During handling of the above exception, another exception occurred:
Traceback (most recent call last): File "/home/shoaib/.local/lib/python3.10/site-packages/pyabsa/tasks/AspectPolarityClassification/dataset_utils/lcf/apc_utils.py", line 397, in configure_spacy_model nlp = spacy.load(config.spacy_model) File "/home/shoaib/.local/lib/python3.10/site-packages/spacy/init.py", line 54, in load return util.load_model( File "/home/shoaib/.local/lib/python3.10/site-packages/spacy/util.py", line 449, in load_model raise IOError(Errors.E050.format(name=name)) OSError: [E050] Can't find model 'en_core_web_sm'. It doesn't seem to be a Python package or a valid path to a data directory.
During handling of the above exception, another exception occurred:
Traceback (most recent call last): File "/home/shoaib/Personal Learning/PyAbsa/Test Codes/aspectTermExtractor.py", line 12, in
aspect_extractor.predict(['I love this movie, it is so great!'],
File "/home/shoaib/.local/lib/python3.10/site-packages/pyabsa/tasks/AspectTermExtraction/prediction/aspect_extractor.py", line 264, in predict
return self.batch_predict(
File "/home/shoaib/.local/lib/python3.10/site-packages/pyabsa/tasks/AspectTermExtraction/prediction/aspect_extractor.py", line 304, in batch_predict
extraction_res, sentence_res = self._extract(target_file)

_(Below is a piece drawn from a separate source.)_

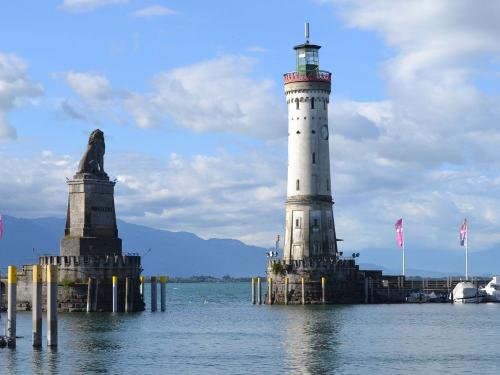Leuchtturm und Löwe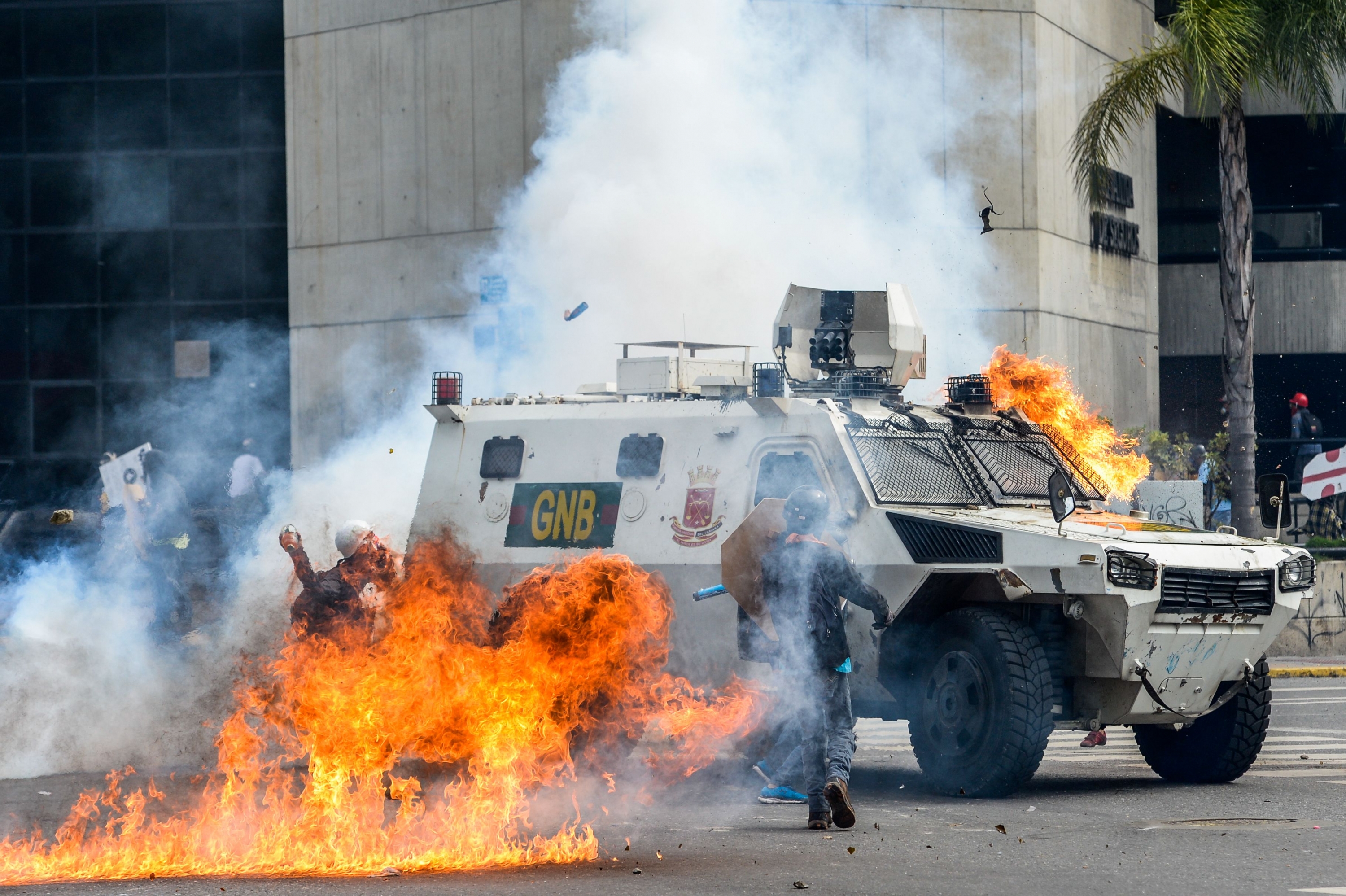 Manifestantes se enfrentan a la Guardia Nacional durante protestas en Venezuela. Foto: AFP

File "/home/shoaib/.local/lib/python3.10/site-packages/pyabsa/tasks/AspectTermExtraction/prediction/aspect_extractor.py", line 374, in _extract
infer_features = convert_ate_examples_to_features(
File "/home/shoaib/.local/lib/python3.10/site-packages/pyabsa/tasks/AspectTermExtraction/dataset_utils/lcf/data_utils_for_inference.py", line 168, in convert_ate_examples_to_features
configure_spacy_model(config)
File "/home/shoaib/.local/lib/python3.10/site-packages/pyabsa/tasks/AspectPolarityClassification/dataset_utils/lcf/apc_utils.py", line 399, in configure_spacy_model
raise RuntimeError(
RuntimeError: Download failed, you can download en_core_web_sm manually.